Рассказывать ей, однако, было нечего. У нее в голове были только некие предположения.
— Судя по тому, что вы служите в Чечне, а Олег там работал, то все события связаны именно с ней. И скорее всего, вы обнаружили какую-то связь высокопоставленных военных с чеченскими боевиками. И очевидно, это командный состав.
Родионов кивнул головой и с интересом посмотрел на Ларису.
— Это может быть и торговля оружием, и наркотиками, а может, и что-то похлеще, например торговля людьми. Говорят, что это очень выгодно, — продолжала она.
— Добавьте к этому еще и изготовление фугасных бомб, — вставил неожиданно майор. — Правда, в последнее время полковник перестал этим заниматься. Риск большой, а прибыль маленькая.
— Значит, я права?
— Почти. В торговле оружием господин Сальников замечен не был, но вообще… Вообще он страшный человек, — вздохнул Родионов.
— Вот видите, я и без вас до всего додумалась.
— Да, — махнул он рукой, — но какой в этом толк, если вы ничего не можете доказать, а теперь не могу и я?
— В пакете были компрометирующие документы?
Родионов только молча кивнул головой.
— Но вы-то еще остались, — возразила Лариса. — Вы можете выступить как свидетель.
— Пока остался, — поправил майор, — да и что толку в моих словах, если доказать ничего нельзя?! Сальников подаст на меня в суд за клевету, а в ходе разбирательства меня уже уберут. Я, кстати, думаю, что это будет сделано сразу после моего прибытия в действующие войска — отпуск у меня уже заканчивается.
— Логично, но если вы мне расскажете все более подробно, то нас будет уже двое, кто знает о происходящем там.
— А вы не боитесь влезать во все это? — с усмешкой поинтересовался Родионов.
— Я бывала во всяких переделках, — скромно заметила Лариса. — Меня уже несколько раз могли убить.
— Хорошо, я вас предупредил, — сурово произнес майор. — Я не буду описывать вам свои детство и юность.

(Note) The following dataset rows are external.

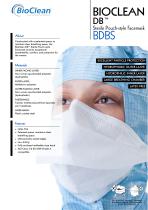 Bioclean DB Sterile Pouch-Style Facemask - 1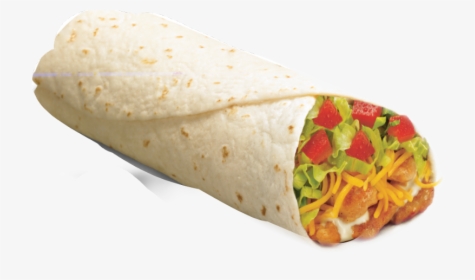 Transparent Burritos Clipart - Del Taco Spicy Chicken Burrito, HD Png Download, Transparent PNG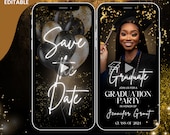 Digital & Editable Save the Date Grad E-Invite Template, Instant Download Iphone Invitation, Text Message Invite, Class of 2024 College Grad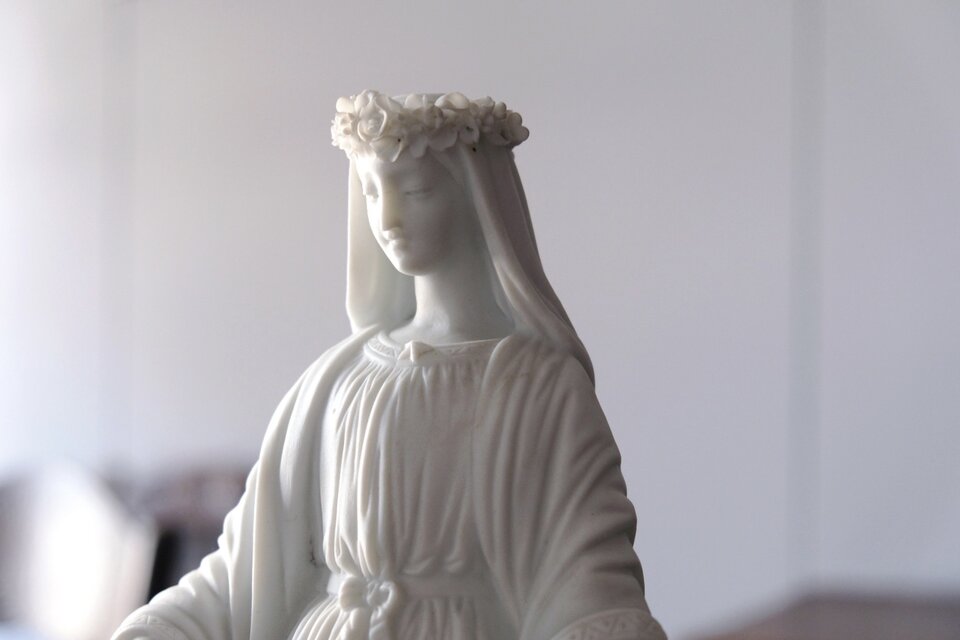 聖母 マリア像 ビスク製 フランス アンティーク 0501711 | iichi 日々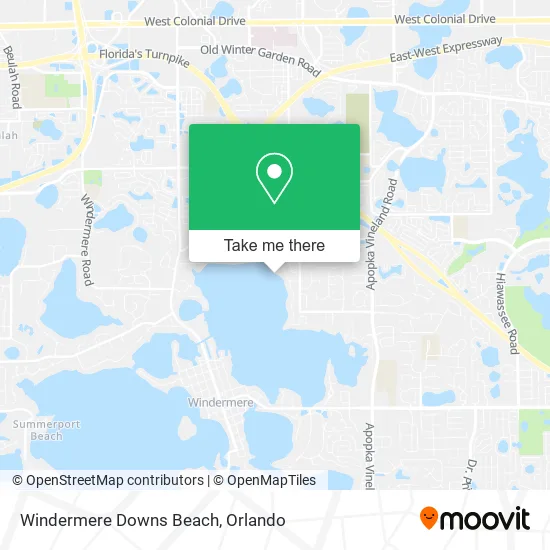Windermere Downs Beach map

Это не очень интересно и довольно однообразно. Отец у меня был военным, и со многими его доводами тогда, в пору моей юности, я был не согласен. Он всю жизнь пытался мне доказать, что надо быть верным своему долгу, и я вырос в атмосфере какого-то робингудовского благородства, в моей семье все искренне любили Родину. По крайней мере, тогда мне так казалось. Все разговоры, которые велись за столом в праздники, касались только армии. Отца, конечно, уважали, но втайне посмеивались над ним. Он мечтал, чтобы я был таким же… И отчасти добился этого — пускай и ценой своей смерти…
И Родионов рассказал Ларисе историю с поступлением в МГУ, гибелью отца и резкой переменой в своей жизни.

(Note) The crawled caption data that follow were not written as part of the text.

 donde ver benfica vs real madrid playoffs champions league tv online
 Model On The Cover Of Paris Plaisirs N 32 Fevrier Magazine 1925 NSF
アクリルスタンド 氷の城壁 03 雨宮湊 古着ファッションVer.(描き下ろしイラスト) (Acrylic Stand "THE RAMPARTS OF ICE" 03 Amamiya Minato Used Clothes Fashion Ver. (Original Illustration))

— Я иногда думаю, что хорошо, что мой отец погиб еще тогда, — сказал Родионов, делая большой глоток из фляжки, — когда не было перестройки и развала Союза. Все, во что он верил, он унес с собой. Ему не пришлось разочароваться в своих принципах. А мне было очень тяжело служить. Может быть, все это звучит сейчас как бред маразматика и человека, у которого едет крыша, но это так. Вероятно, что все те принципы, которым учил меня отец, впитались в мою кровь, и теперь меня уже не переделать. Хотя и очень бы хотелось.
— Почему?
— Было бы проще жить. Принцип «ничего не знаю, ничего не вижу, ничего не слышу». В армии, а особенно в Чечне, так служат многие. — Лицо Родионова слегка перекосилось, покраснело — спиртное вкупе с жарой действовало на него довольно быстро. — А уж когда я узнал о некоторых, — повторяю, о некоторых! — далеко не всех делах полковника Сальникова, то у меня даже началась глубокая депрессия. Я начал пить, причем, что называется, по-черному. По иронии судьбы, когда меня хотели понизить в должности, именно полковник за меня и заступился. Кстати, его очень ценят в центре. Уж не знаю, за какие такие заслуги!
— А ведь вы лично ненавидите Сальникова, — тихо заметила Лариса.
На какое-то мгновение ей показалось, что сидящий перед ней человек действительно маразматик. И что вся эта история сводится только к выяснению личных отношений.
Родионов вскочил с кресла и нервно забегал по маленькой комнатке. Он был похож на дикого зверя, которого только что посадили в клетку.
— Да, я его ненавижу, — нагнувшись над Ларисой, прошептал он. — Я его ненавижу. Я бы убил его, но не могу. У меня хватает ума не считать себя господом богом. Пусть уж вершат суд те, кому это дано законом.
Лариса испуганно вжалась в кресло. Родионов выглядел ужасно. Глаза его горели, и она уже всерьез решила, что он сошел с ума.
— Хорошо, — вдруг успокоился майор и плюхнулся в кресло.
Кресло жалобно пискнуло и, тяжело заскрипев, умолкло.
— Уж если я решил обратиться к правосудию, то пусть судят и меня. Олег не знал о том, о чем я сейчас поведаю вам.
Родионов тяжело вздохнул и с силой ударил кулаками по подлокотникам. Кресло чуть было не развалилось — его жизнь в качестве полноценной мебели висела на волоске. Еще один эмоциональный всплеск майора — и оно разлетится на куски. Однако это было не главным — Лариса отмечала все как бы вторым планом, а на первом было горящее от гнева лицо майора. Она сидела словно загипнотизированная и слушала признания Родионова.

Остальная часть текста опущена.